You also forgot the YouTube kids app, which provides no way to filter it more granular than the expected age target so if you downloaded it to let your kids watch a certain show it doesn't matter they'll be on unboxing videos, hacked pirate content, and weird homemade animations in no time.
I suspect the problem is big media rather than Google.
Somehow Apple and some other companies manage to handle that way better, including offline downloads for content and the ability to give them my EUR.

Google on the other hand refuses to even show us Podcasts category on Play music. Podcasts.
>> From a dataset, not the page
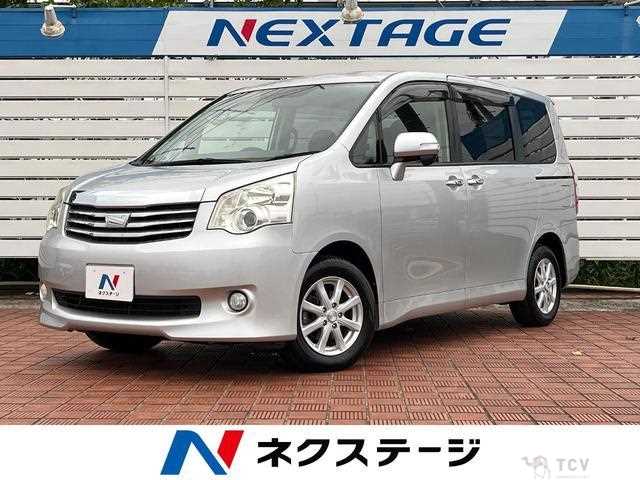 2011 Toyota Noah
You're comparing apples and oranges. Apple doesn't provide anything like YouTube. If they did, they would have similar issues - there are all sorts of legal and business constraints associated with that kind of service.

A more appropriate comparison would be comparing the iTunes movie and TV store with Google's equivalent (Google Play Movies & TV):

* Both have movie purchases in over 100 countries. Apple has TV purchases in 6 countries [1]. Google has them in 8 [2]
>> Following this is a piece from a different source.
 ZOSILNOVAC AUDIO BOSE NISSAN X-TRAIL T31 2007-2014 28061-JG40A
* Both allow offline download of purchased videos. Google also allows downloading purchases to SD cards (less relevant for Apple).

* Google has a web-based player for purchased videos. Apple doesn't, AFAIK.

* Apple has carrier billing in 6 countries [3]. Google has it in 45 [4]. Google also allows you to use PayPal in a number of countries.

[1] https://support.apple.com/en-us/HT204411

[2] https://support.google.com/googleplay/answer/2843119?hl=en

[3] https://support.apple.com/en-us/HT205102

[4] https://support.google.com/googleplay/answer/2651410?hl=en

Apple doesn't have anything like YouTube.

And Google Play which is Google's equivalent of Apple's iTunes does allow offline downloads and does take your money.

There's a podcasts section in the Google Music Android app; what are you referring to?
The fact that there is no podcast section my Google Music Android app. Google managed to region lock podcasts.
I use Tubex to listen to YouTube in the background. It's free. Not sure about the other features.
Youtube web on firefox for android allows it too. Funny that the mobile browser version works better than the app.